Los Angeles, CA—At the end of 2011, the AES announced the formation of a provisional committee to review audio reproduction for digital cinema and television with the intention of eventually arriving at a standard that addresses some of the current issues. The committee is expected to shortly begin formulating a framework for audio improvements.
“The current digital cinema audio system is simply not the best we can do,” states Brian McCarty, who is leading the committee with engineering guidance being provided by Dr. Floyd Toole, vice chair of what is known as the Audio Engineering Society Technical Committee on Sound for Digital Cinema & Television (or AESTC-SDCTV). McCarty is a former Hollywood sound technician who is now managing director of Coral Sea Studios in Australia.
McCarty previously noted, in a statement released along with the announcement of the formation of the new committee, “In simple terms, what is recorded digitally in the studio does not sound the same at the theatrical end. Acoustical design of theaters is typically incorrect for sound reproduction in large rooms. Current soundtrack EQ reproduction curves are inconsistent with largeroom audio practice and, with the rest of the audio industry. And, loudspeaker technology typically used in theaters has yet to be optimized for proper playback of wide bandwidth soundtracks.”
The format deserves careful study, according to comments by Toole in the same statement: “It seems that no real science has been done in terms of digital cinema sound.”
Digital cinema sound issues were originally addressed in 2010 at AES Technical Committee meetings in London. Now, in order to address the apparent lack of electroacoustical response reference data for digital cinema systems and establish a framework for its improvement, Mc- Carty and Toole will be contacting key personnel from the film audio community.
“We’ll see if we can’t all agree on a common understanding about what’s wrong,” says McCarty. “At the AES in Budapest in April, we’ll have a plan for working groups to attack the different elements of this.” Some big names have already signed up to the committee, he adds: “I’m really heartened that there’s this much high-level interest.”
Digital Cinema Initiatives, a joint venture of the major Hollywood studios, released voluntary specifications for an open architecture for digital cinema in 2008 that set an audio standard of 24-bits at 48 kHz or 96 kHz with a maximum 16 channels.

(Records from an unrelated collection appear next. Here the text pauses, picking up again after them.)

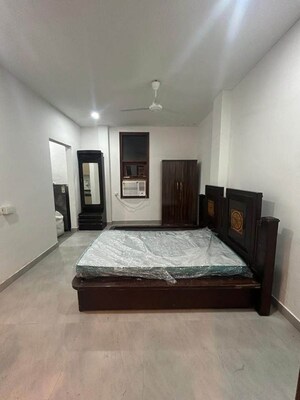 Bedroom in 1 BHK Builder Floor at Malviya Nagar – for Rent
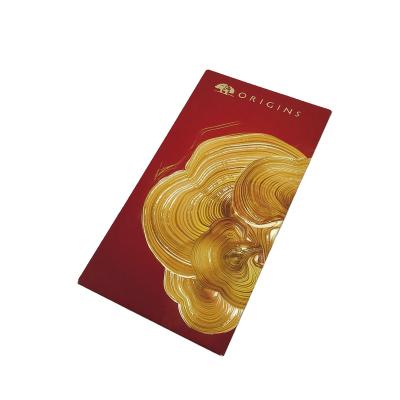 China paper & 2022 Hot Sale SM-XF016 Red Cardboard Package Envelope Red Red Paper Containing Money As A Gift for sale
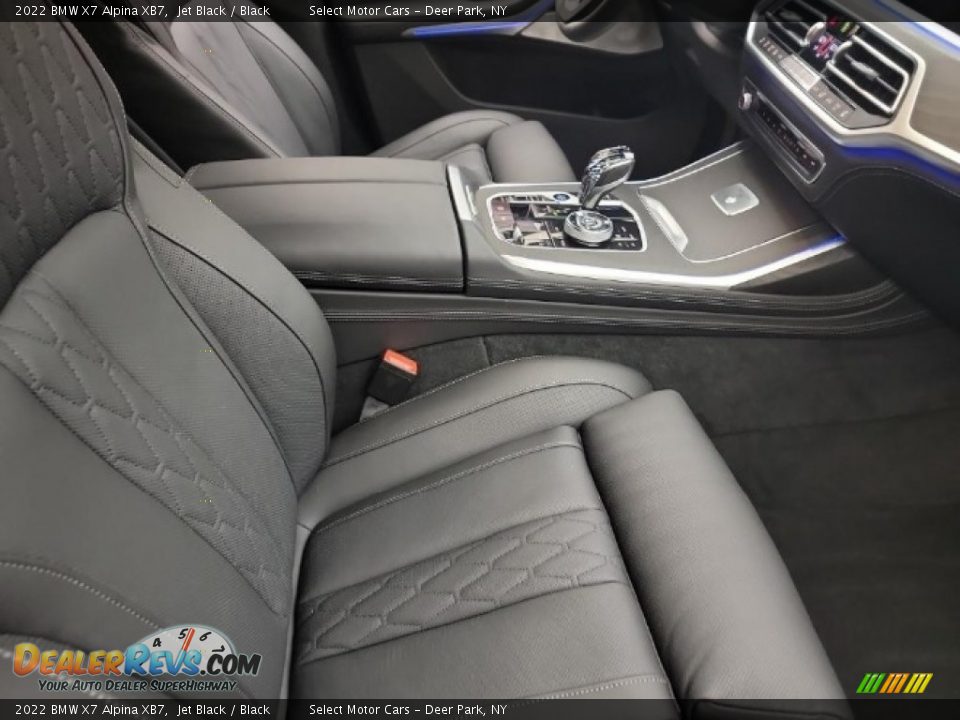 Front Seat of 2022 BMW X7 Alpina XB7 Photo #7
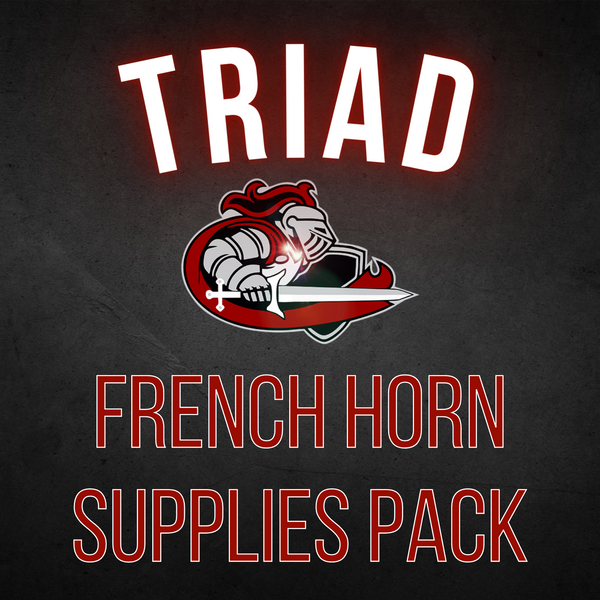 Triad French Horn Supplies Pack Palen Music 36.00 Palen Music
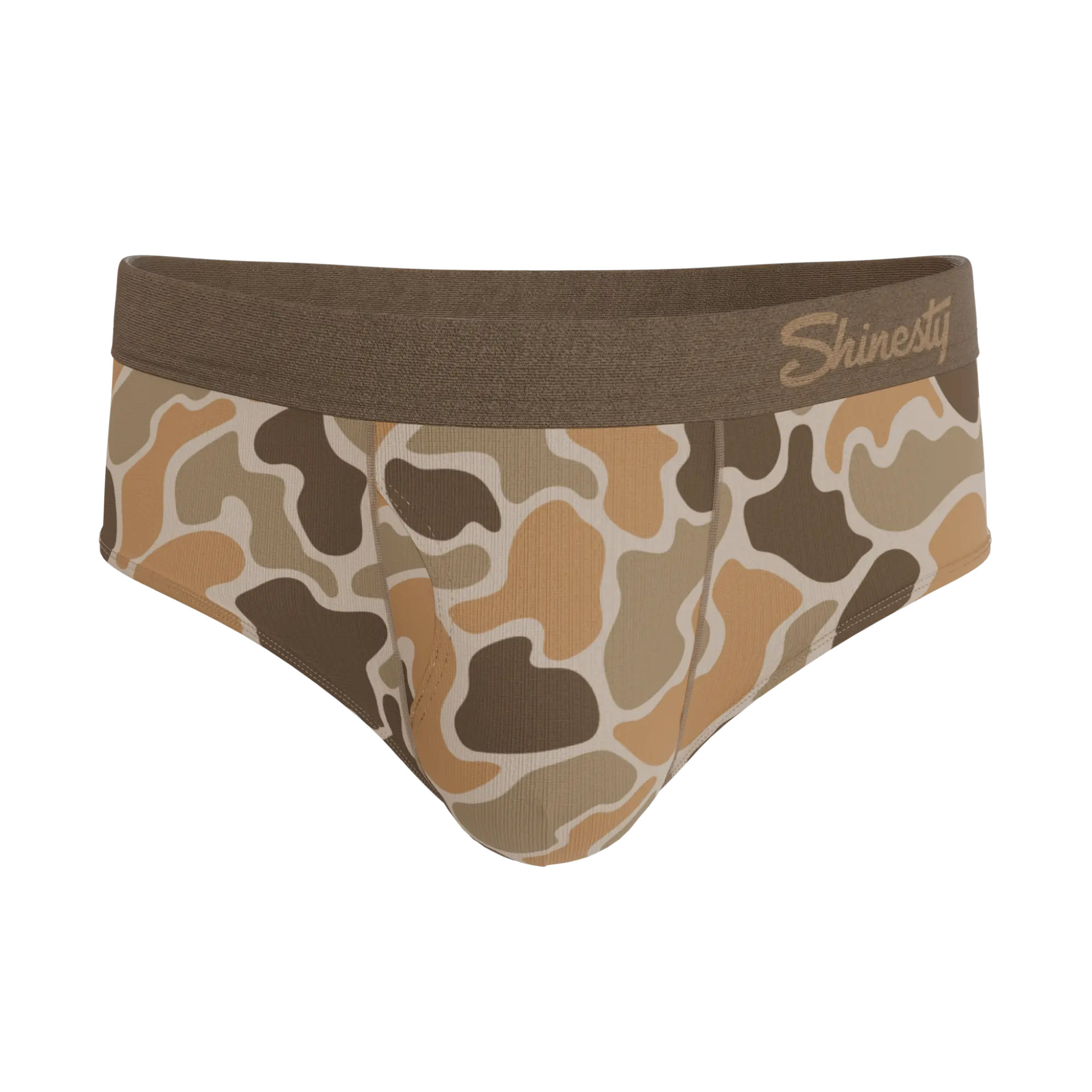 The Out Of Sight | Shinesty Light Duck Camo Ball Hammock® Pouch Underwear Briefs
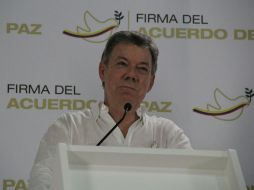 Santos avanza en las discusiones con sectores políticos y sociales para lograr un Acuerdo Nacional para ajustar el pacto con las FARC. NTX / ARCHIVO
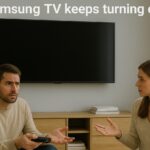 Samsung TV keeps turning off fix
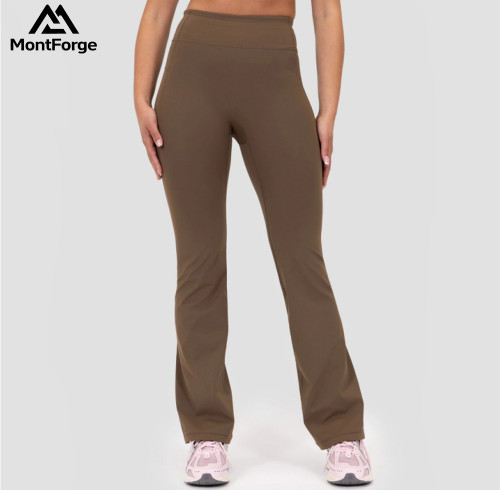High Waist Women Yoga Flared Leggings Manufacturer | Women Gym Fitness Yoga Pants
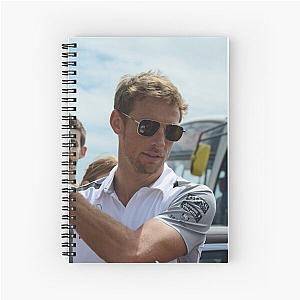 Jenson Button 2014 Notebook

The AES, which has some historical involvement with film sound, could ultimately unify audio standards across multiple disciplines.
In the meantime, a panel of representatives from Barco, Dolby Laboratories and Sony Pictures Entertainment will report on the latest cinema sound advances from the Society of Motion Picture and Television Engineers (SMPTE) at the NAB Show in April. The session is scheduled to provide an update on the progress of the SMPTE B-Chain Study Group, focusing on acoustical measurement techniques for improved interchange and interoperability for the cinema, a novel approach on packaging and playback of audio tracks for 3D and a presentation on audio processing for cinema applications
According to McCarty, many exhibitors initially saw the transition to digital projection in their theaters as an opportunity to make ancillary revenue, in particular from live simulcast concert events. But as McCarty reports, comment cards turned in by the audience at these events have typically rated the picture quality highly but the sound only poorly. “We ought to be able to put a concert-level signal in a 5.1 format into a movie theater and have it sound like a concert. We’ve degraded the signal so much to match what’s going on in the theaters that it’s a subset of audio now—it’s movie sound.”
A description of the formative AESTC-SDCTV states, “The Technical Committee will study current audio reproduction standards for Digital Cinema and Television, which may benefit from revision in the light of current knowledge, reproduction systems and listeningspace acoustics. There is also a need to establish better compatibility with television distribution methods including Blu-ray and 3D Television, and to attempt to unify the approaches to reproducing music and cinema/TV sound. In the past, audio reproduction for cinema and TV was treated somewhat differently to other types of reproduction. However, it is possible that these differences no longer apply so clearly, and there is a motivation to integrate multiple types of audio reproduction under common standards.”
“The AES is starting from the premise that we know something is wrong, let’s fix it,” says McCarty. “Our mission is to identify a consistent approach to controlling perceived loudness and frequency response from installation to installation, and from position to position within digital cinema installations worldwide and for this to be adopted as the formal reference for all contemporary dubbing stage recording and mixing activities, and ultimately as the unified method for film reproduction at home.”